CHENNAI: At a time when the State government is leading the country with highest energy surplus, nearly 500 persons belonging to the Dalit community residing in the capital city within the metropolitan area have suffered without electricity for nearly five decades.
Uppukaramedu, an informal cluster of nearly 90 houses in Ambattur, saw electricity for the first time in 2016 only after a local NGO and Christian missionary volunteered to setup solar panels in the area so that each house can enjoy the ‘luxury’ of using one lamp for two hours in the evening, within which they had to complete all their domestic chores. But the panels got damaged and turned dysfunctional during Cyclone Vardah.
In the late 1960s, a group of 10 families from Thiruvannamalai district settled in this area which adjoins the Ambattur railway station.

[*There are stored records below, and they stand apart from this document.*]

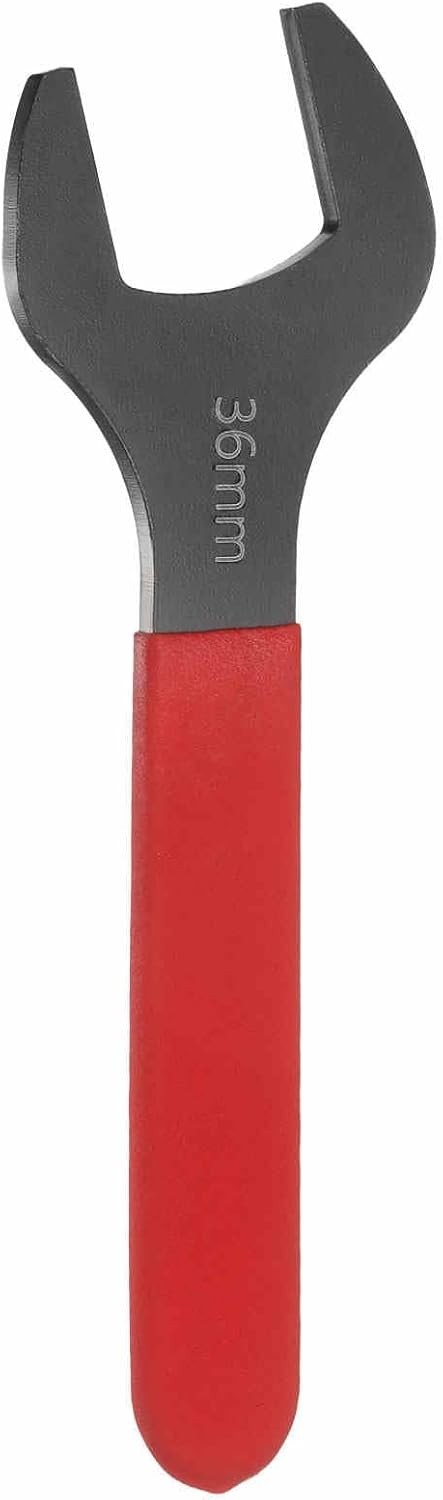 Single Open End Wrench 36Mm Metric 15 Degree Offset Angle U-Shaped Open Ended Sp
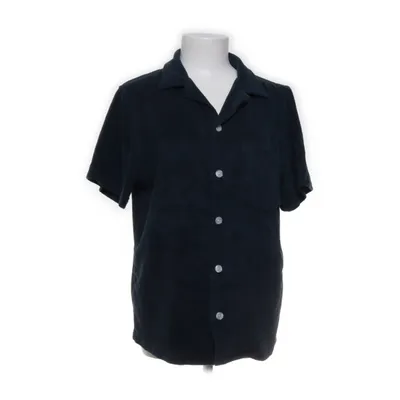 Kortärmad skjorta (Blå) från Nikben Bomull, Polyester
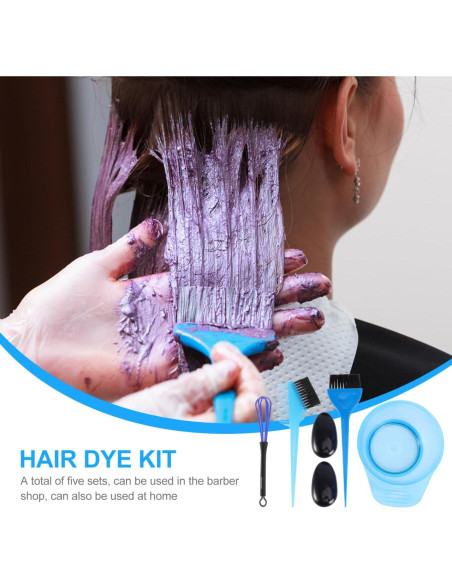 Kit de herramientas para teñir cabello OFFIGAM 5 piezas Kit de herramientas para teñir cabello OFFIGAM 5 piezas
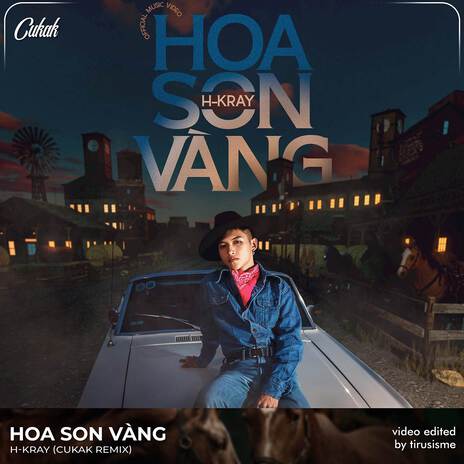 BEAT Hoa Son Vàng (Cukak Remix) | Boomplay Music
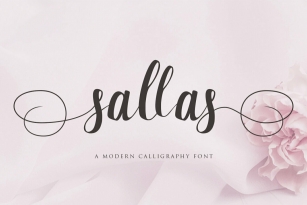 Sallas Font Font Download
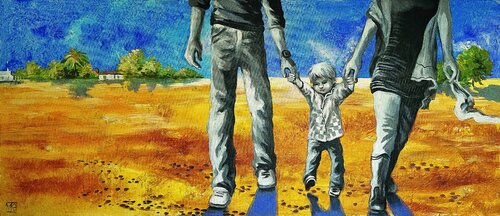 And a new day has come... von Maria Kireev, Malerei kaufen auf Singulart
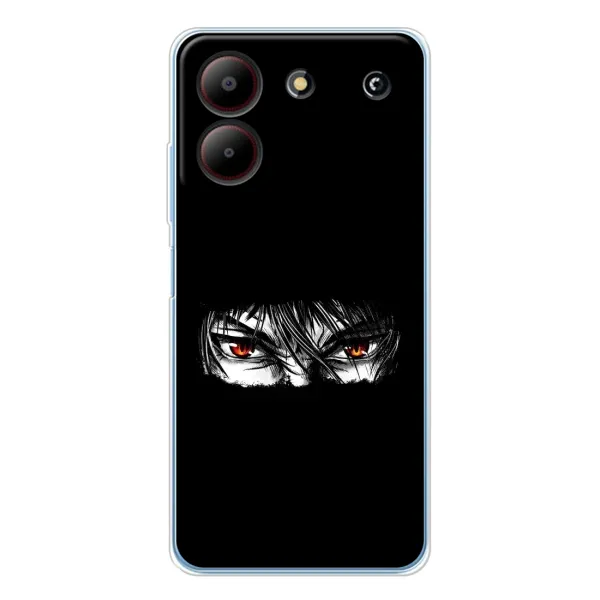 Чехол с рисунком «Аниме глаза» для ZTE Blade A54 Чехол с рисунком «Аниме глаза» для ZTE Blade A54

They ventured out of their native areas on account of severe unemployment which followed a crippling drought.
Although the erstwhile Chengalpattu district administration gave them ration cards and voter IDs, other basic amenities including water supply, drainage and electricity were denied since the cluster was considered as an encroachment on the land which belonged to the Indian Railways.
“We have sent multiple representations to various State government agencies for years seeking at least temporary connections until they were given permanent accommodations by the government,” said V Thiruvengadam, one among the first few settlers.
Though it was a very small settlement initially, it expanded after it was brought under the Greater Chennai Corporation limit.
K Sampath, the third person from the locality to pursue collegiate education said that without electricity, school and college students depend on kerosene-lit lanterns to study and during examinations, they stay at relatives’ or friends’ places.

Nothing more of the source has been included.